Newbie with a question about testing a servo motor and a resolver. The motor is a DC, permanent magnet, has a tach and a resolver. I do not have the motor connected to the E-beam welder at this time. I have the two motor leads, two wires for the tach, and the 6 or so wires to the resolver. I tried taking my bench top power supply and put the +/- 12VDC across the two motor leads and it does nothing. This power supply will provide up to 3 Amps, which should be plenty for this test. This is an old motor that has been working inside a vacuum chamber of an E-beam welder since 1982 so all of the faceplate info was gone a long time ago and I don't know how to determine any of the information without it. All I know is that the resolver attaches to an Allen-Bradley 8000 CNC Control and the tach and motor leads are driven by another servo board. It uses +/- 12VDC for the armature voltage (I think is what it is called). Any help would be greatly appreciated. I do have a 2- Channel Storage Scope if needed to test the resolver. The main reason I want to test the resolver is a different problem with the same machine. What happens is this: the operator moves the work piece from one end of the weld, and then moves it to the other end of the weld. The computer calculates the lead-in and lead out, then the gun fires and the part moves. The problem is that X and Y do not appear to be staying in synch. At the end of the weld it appears as though the control realizes it is in the wrong place and then will rapid to where it was supposed to end. The weld itself is not a straight line. It arc's out and then back in, at the end, as mentioned before, it rapids to where it is supposed to be. I would like to use my scope and check the resolver but don't know how. I have googled it but I don't understand what I have read. I thought maybe someone here could explain it so I could understand as I am not the sharpest tool in the shed. Thank you.
The right way for your test could be using any digital servo controller with resolver feedback - for example from Elmo -

That can you possibility to test all components separately and even together.

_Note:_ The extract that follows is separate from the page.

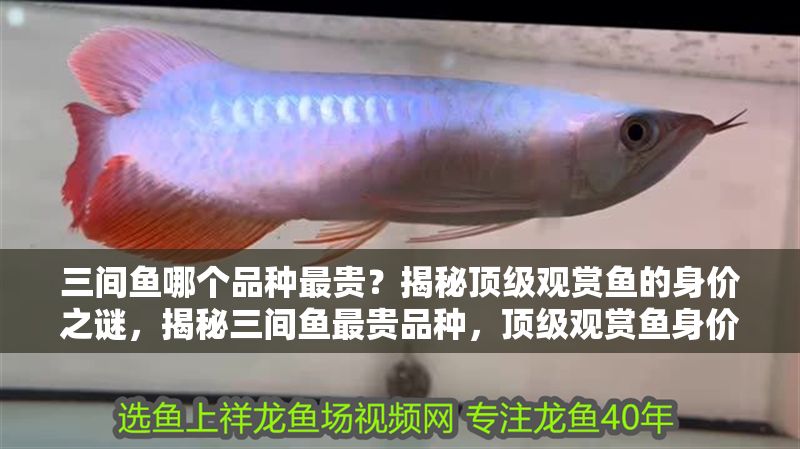 三間魚哪個(gè)品種最貴？揭秘頂級(jí)觀賞魚的身價(jià)之謎，揭秘三間魚最貴品種，頂級(jí)觀賞魚身價(jià)之謎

But in any case +/-12VDC must move your motor in both directions as well. And for resolver's connection you must define one reference coil and two sin and cose ones with the same resistance. The reference signal may be sine with 1...3V amplitude and 2...5 kHz frequency. The sin and cose coils must produce the same frequency sin and cos signals with amplitudes depended from resolver (i.e. motor's) shaft position.